Juste après l'opération, au sein du CHUV, le physiothérapeute a encouragé Joële à marcher: «Debout, Madame Zeller!», l'encourageait-il.
Photo: DR

Avec courage et résilience, Joële accepte que le «pourquoi» ne trouvera sans doute jamais de réponse: «Cette question va me prendre trop d’énergie si je la laisse me consumer, soupire-t-elle. Par contre, il y a un autre ‘pourquoi’ que je trouve bien plus difficile à gérer: l’un de nos amis avait failli renoncer à venir en Tanzanie, pour des raisons financières. Nous lui avons alors proposé de l’aider. Il est arrivé la veille de l’accident. Et il est décédé. C’est impossible de ne pas se dire que sa mort est survenue par notre faute. Mais je me suis interdit d’entrer sur ce terrain, de ne pas penser à cela, car sinon je ne m’en sortirais pas. On ne saura jamais pourquoi c’est arrivé et il faut l’accepter.»

Alors que le printemps éclot et qu’elle reprend des forces, Joële s’impatiente de retrouver son énergie et de pouvoir courir, comme avant. À son doigt brille une nouvelle bague, achetée pour marquer ce terrible chapitre: «Elle représente mon alliance avec la vie.
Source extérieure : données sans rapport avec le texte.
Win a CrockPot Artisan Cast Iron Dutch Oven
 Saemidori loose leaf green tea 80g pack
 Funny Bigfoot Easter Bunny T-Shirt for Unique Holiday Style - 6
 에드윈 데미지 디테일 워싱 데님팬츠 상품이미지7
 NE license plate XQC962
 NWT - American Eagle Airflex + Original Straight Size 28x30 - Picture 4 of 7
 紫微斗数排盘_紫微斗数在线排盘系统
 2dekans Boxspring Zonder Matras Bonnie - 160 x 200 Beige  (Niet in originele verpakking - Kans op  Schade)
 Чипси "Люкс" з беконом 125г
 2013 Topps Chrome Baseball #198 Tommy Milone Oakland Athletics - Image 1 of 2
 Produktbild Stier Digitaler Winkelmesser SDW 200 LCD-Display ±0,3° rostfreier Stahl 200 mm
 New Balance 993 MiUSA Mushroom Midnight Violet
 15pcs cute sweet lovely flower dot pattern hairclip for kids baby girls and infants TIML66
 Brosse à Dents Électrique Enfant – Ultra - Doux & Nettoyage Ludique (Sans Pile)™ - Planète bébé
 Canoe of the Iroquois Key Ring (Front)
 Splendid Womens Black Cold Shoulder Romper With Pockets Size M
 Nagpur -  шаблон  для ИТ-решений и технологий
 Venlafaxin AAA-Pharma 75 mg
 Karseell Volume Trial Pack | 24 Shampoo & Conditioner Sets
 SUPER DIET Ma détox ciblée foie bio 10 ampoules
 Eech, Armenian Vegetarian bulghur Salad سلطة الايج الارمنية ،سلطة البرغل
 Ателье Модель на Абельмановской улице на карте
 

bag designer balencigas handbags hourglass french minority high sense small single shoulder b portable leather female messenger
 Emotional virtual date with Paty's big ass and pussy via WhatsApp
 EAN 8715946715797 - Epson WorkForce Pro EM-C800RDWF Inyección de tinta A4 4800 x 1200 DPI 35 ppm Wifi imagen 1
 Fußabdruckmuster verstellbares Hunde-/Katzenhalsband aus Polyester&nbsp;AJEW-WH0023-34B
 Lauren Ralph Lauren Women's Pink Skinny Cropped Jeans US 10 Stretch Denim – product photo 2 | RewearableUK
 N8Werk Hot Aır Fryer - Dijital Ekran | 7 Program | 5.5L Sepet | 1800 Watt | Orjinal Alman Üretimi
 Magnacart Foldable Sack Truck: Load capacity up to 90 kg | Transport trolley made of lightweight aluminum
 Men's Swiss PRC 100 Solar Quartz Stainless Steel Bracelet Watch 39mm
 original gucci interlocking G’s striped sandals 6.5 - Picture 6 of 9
On y voit plein de cœurs, qui symbolisent les personnes que j’ai perdues, mais qui restent avec moi, ainsi que les personnes que je vais encore pouvoir aimer. C’est une bague colorée et un peu extravagante, elle me ressemble.» Le temps qui lui a été rendu, Joële refuse d’en perdre la moindre seconde. Hors de question d’avoir peur! Elle se réjouit follement de vivre, encore plus fort qu’avant. Bientôt, elle retournera en Afrique. Et lorsqu’elle parle de ses projets, les étoiles dans ses yeux sont encore plus visibles.